■ ABOUT THIS EXERCISE: Write out the data below exactly, from its first line to the line containing "Building Photo - 2253 Banyon Cir", that line included.

■ GIVEN RECORDS:
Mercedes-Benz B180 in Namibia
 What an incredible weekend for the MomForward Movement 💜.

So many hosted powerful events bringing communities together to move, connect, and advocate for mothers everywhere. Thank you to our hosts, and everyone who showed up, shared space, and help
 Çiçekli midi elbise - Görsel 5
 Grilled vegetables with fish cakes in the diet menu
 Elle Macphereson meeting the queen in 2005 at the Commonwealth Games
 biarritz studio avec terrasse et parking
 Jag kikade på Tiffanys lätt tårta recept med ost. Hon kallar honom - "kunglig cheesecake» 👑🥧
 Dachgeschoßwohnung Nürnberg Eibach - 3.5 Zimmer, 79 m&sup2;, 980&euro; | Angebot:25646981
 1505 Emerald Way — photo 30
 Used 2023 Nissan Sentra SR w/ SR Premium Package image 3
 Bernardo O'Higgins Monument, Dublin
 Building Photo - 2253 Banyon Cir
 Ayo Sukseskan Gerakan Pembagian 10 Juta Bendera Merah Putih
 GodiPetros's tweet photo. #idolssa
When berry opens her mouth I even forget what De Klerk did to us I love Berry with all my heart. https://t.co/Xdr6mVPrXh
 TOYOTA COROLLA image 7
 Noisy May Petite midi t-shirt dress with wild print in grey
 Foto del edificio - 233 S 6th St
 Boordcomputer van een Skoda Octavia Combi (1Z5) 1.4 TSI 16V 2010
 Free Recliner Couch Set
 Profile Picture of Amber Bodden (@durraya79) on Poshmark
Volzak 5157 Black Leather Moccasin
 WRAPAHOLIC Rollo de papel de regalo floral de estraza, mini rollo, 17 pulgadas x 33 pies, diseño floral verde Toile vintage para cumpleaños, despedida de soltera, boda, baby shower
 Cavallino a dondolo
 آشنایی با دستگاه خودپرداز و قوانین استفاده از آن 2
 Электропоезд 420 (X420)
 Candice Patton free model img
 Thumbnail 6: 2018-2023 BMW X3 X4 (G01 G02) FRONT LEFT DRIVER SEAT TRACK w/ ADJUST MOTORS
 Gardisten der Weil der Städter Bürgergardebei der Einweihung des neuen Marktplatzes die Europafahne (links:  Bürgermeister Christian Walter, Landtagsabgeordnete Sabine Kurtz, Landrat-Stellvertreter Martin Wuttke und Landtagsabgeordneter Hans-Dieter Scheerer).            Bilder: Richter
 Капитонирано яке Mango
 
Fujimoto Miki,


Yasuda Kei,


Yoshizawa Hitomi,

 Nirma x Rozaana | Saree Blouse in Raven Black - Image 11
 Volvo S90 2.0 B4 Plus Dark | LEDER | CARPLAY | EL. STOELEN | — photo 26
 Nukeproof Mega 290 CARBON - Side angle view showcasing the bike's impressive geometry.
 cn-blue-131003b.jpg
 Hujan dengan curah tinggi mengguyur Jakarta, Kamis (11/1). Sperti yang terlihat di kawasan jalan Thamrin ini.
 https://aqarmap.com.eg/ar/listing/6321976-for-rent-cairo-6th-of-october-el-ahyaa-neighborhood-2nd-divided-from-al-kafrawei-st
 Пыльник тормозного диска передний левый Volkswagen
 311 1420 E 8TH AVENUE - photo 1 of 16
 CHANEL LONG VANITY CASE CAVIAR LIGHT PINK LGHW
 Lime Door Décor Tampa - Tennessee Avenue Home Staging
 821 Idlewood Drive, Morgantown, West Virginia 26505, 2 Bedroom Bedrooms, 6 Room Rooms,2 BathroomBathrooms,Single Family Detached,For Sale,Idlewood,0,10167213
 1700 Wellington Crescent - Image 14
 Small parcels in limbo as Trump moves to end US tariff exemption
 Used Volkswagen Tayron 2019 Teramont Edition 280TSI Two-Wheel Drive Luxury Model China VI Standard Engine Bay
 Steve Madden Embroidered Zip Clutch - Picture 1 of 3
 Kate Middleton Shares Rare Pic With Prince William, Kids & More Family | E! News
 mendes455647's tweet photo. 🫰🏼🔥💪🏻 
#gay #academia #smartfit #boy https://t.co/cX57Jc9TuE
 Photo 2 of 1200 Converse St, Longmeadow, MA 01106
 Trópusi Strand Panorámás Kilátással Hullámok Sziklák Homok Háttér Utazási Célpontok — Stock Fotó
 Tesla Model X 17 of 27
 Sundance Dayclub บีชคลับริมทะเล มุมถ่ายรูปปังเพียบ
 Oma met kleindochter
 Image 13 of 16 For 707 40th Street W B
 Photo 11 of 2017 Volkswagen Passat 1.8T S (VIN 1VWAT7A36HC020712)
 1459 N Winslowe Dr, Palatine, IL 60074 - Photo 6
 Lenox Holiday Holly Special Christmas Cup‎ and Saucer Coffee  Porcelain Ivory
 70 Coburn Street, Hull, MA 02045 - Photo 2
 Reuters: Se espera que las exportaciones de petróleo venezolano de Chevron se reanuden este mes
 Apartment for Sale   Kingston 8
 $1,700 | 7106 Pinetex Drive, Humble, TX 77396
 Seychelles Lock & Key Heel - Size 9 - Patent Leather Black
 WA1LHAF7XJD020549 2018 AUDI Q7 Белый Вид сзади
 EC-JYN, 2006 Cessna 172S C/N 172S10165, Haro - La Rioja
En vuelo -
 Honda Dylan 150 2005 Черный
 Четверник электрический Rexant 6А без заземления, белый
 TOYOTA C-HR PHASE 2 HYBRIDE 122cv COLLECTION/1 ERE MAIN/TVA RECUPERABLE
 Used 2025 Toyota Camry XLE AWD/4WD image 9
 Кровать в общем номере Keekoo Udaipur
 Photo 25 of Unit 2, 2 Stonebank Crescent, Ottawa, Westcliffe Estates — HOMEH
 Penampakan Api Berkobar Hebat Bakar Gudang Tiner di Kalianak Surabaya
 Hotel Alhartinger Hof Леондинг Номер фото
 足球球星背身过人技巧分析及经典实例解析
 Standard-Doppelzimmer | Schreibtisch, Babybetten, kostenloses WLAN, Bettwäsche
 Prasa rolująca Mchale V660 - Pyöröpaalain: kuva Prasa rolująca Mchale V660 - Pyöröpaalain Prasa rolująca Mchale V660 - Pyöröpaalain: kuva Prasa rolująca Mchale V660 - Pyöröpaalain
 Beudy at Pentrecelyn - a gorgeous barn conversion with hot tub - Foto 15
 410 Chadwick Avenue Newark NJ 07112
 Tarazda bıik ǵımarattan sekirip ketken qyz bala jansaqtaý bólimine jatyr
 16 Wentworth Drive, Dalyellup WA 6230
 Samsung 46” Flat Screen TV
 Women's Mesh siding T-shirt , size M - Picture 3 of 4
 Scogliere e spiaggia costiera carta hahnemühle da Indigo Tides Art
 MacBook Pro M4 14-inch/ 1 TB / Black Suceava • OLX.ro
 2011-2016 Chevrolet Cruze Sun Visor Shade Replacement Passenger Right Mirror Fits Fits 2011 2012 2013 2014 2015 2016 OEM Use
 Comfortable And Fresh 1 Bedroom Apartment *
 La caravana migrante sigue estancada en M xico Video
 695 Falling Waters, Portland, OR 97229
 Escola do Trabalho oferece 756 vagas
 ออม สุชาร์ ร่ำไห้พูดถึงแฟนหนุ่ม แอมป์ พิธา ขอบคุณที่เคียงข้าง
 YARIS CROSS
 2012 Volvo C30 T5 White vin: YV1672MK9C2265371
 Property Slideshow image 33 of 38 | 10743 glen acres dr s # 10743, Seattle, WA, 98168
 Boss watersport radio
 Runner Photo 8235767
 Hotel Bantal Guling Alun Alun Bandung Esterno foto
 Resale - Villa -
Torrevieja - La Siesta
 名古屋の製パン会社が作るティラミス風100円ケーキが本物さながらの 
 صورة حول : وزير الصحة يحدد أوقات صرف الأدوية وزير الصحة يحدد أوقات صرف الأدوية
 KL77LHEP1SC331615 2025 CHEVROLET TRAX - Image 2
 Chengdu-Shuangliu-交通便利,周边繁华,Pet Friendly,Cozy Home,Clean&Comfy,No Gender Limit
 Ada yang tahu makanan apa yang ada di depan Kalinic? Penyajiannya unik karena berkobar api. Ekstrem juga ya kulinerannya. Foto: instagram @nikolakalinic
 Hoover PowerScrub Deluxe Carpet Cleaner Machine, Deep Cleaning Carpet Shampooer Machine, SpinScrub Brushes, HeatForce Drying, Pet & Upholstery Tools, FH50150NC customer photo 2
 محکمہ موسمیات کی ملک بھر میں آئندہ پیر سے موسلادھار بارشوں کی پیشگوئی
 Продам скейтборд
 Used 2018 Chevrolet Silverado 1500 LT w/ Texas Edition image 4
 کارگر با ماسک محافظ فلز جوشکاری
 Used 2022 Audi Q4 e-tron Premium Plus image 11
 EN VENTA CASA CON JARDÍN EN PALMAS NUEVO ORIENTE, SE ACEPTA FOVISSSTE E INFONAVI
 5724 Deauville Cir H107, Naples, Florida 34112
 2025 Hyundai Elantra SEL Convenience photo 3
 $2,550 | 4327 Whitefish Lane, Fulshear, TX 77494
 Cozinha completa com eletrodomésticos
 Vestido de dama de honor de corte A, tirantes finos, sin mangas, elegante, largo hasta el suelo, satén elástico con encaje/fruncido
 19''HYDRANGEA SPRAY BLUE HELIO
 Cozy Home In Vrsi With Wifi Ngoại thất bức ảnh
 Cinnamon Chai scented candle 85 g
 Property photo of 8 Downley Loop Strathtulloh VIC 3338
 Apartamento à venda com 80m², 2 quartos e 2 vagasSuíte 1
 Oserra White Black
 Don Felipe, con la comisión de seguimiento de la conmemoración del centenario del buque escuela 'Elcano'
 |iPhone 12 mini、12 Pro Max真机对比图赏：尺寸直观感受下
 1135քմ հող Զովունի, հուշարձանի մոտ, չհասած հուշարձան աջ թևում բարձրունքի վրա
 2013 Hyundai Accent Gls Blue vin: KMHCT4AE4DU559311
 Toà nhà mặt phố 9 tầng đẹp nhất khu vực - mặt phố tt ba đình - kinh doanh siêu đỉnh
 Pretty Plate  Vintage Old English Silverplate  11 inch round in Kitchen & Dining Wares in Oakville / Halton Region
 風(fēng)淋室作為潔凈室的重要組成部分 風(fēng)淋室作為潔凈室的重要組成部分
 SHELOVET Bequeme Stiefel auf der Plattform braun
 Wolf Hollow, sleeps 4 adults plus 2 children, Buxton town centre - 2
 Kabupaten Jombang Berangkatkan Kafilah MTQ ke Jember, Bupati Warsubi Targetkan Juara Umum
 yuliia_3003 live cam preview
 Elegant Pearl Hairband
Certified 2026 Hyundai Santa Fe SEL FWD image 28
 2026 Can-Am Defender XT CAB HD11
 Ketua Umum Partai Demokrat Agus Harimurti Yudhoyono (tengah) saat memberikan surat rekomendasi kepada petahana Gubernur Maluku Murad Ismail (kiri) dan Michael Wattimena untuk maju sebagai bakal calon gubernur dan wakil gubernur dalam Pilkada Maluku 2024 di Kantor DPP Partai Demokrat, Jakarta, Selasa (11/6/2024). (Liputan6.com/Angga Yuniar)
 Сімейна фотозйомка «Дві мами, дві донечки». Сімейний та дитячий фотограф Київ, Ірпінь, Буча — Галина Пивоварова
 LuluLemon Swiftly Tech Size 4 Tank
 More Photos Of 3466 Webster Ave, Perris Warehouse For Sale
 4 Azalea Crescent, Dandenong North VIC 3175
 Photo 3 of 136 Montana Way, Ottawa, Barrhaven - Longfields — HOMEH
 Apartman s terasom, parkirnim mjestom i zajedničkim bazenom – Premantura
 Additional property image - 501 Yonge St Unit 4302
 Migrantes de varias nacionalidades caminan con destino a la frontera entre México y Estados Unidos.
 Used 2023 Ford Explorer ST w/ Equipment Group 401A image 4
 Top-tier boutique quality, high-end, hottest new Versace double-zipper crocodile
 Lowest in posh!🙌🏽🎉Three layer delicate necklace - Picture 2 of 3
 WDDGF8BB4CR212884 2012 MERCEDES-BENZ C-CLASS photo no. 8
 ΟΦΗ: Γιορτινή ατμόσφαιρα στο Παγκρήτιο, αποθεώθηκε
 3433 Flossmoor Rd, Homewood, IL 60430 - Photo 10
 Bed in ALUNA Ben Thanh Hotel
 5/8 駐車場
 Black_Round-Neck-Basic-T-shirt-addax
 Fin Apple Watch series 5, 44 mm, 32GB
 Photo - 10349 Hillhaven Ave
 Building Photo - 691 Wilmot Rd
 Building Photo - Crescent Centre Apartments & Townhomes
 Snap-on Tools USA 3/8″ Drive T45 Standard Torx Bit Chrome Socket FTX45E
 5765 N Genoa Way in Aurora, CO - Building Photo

■ SOLUTION TO THE EXERCISE:
Mercedes-Benz B180 in Namibia
 What an incredible weekend for the MomForward Movement 💜.

So many hosted powerful events bringing communities together to move, connect, and advocate for mothers everywhere. Thank you to our hosts, and everyone who showed up, shared space, and help
 Çiçekli midi elbise - Görsel 5
 Grilled vegetables with fish cakes in the diet menu
 Elle Macphereson meeting the queen in 2005 at the Commonwealth Games
 biarritz studio avec terrasse et parking
 Jag kikade på Tiffanys lätt tårta recept med ost. Hon kallar honom - "kunglig cheesecake» 👑🥧
 Dachgeschoßwohnung Nürnberg Eibach - 3.5 Zimmer, 79 m&sup2;, 980&euro; | Angebot:25646981
 1505 Emerald Way — photo 30
 Used 2023 Nissan Sentra SR w/ SR Premium Package image 3
 Bernardo O'Higgins Monument, Dublin
 Building Photo - 2253 Banyon Cir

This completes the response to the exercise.